**Problem to solve:**
The material below is to be copied exactly from the line with "Contemporary Liftable Bar-stool" up to and including the line with "2026 Italy Women's", with nothing else kept and no pictures.

**Input:**
((
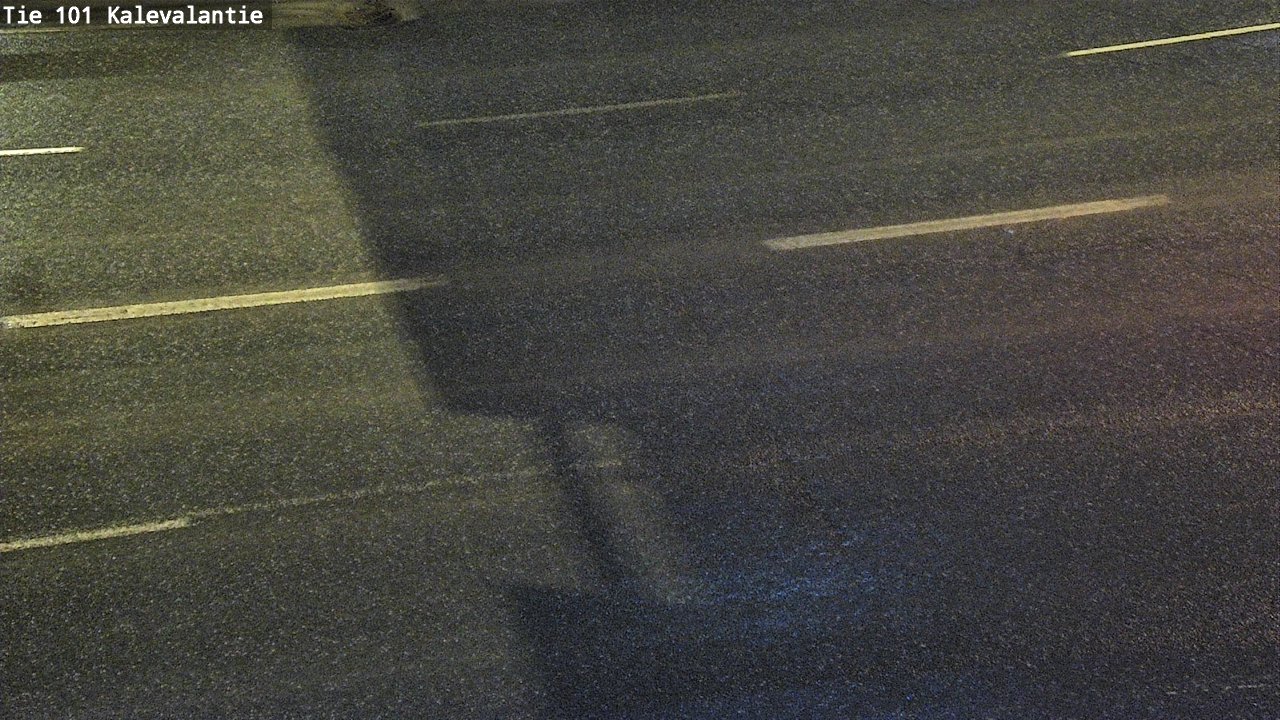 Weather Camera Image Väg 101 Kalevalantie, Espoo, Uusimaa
))
((
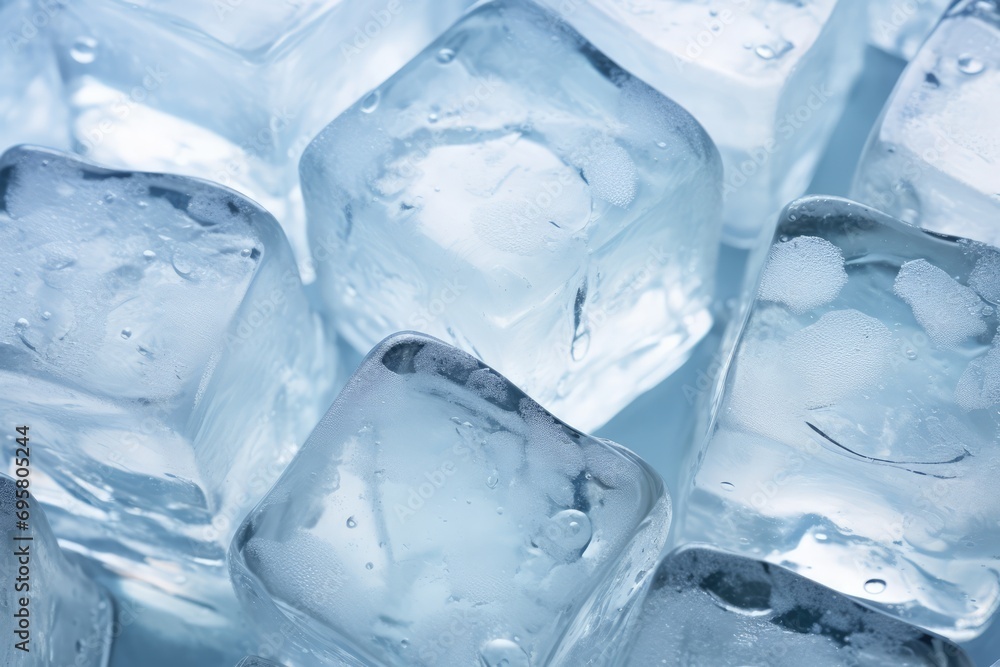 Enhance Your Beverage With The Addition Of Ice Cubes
))
((
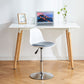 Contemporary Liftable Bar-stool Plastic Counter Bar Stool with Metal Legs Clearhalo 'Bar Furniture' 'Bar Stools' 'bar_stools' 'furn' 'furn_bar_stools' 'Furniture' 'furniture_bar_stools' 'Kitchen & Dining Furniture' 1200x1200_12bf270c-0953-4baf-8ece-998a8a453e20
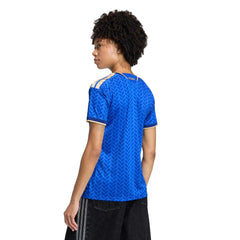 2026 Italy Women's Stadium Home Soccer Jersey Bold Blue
))
**Solution:**
 Contemporary Liftable Bar-stool Plastic Counter Bar Stool with Metal Legs Clearhalo 'Bar Furniture' 'Bar Stools' 'bar_stools' 'furn' 'furn_bar_stools' 'Furniture' 'furniture_bar_stools' 'Kitchen & Dining Furniture' 1200x1200_12bf270c-0953-4baf-8ece-998a8a453e20
 2026 Italy Women's Stadium Home Soccer Jersey Bold Blue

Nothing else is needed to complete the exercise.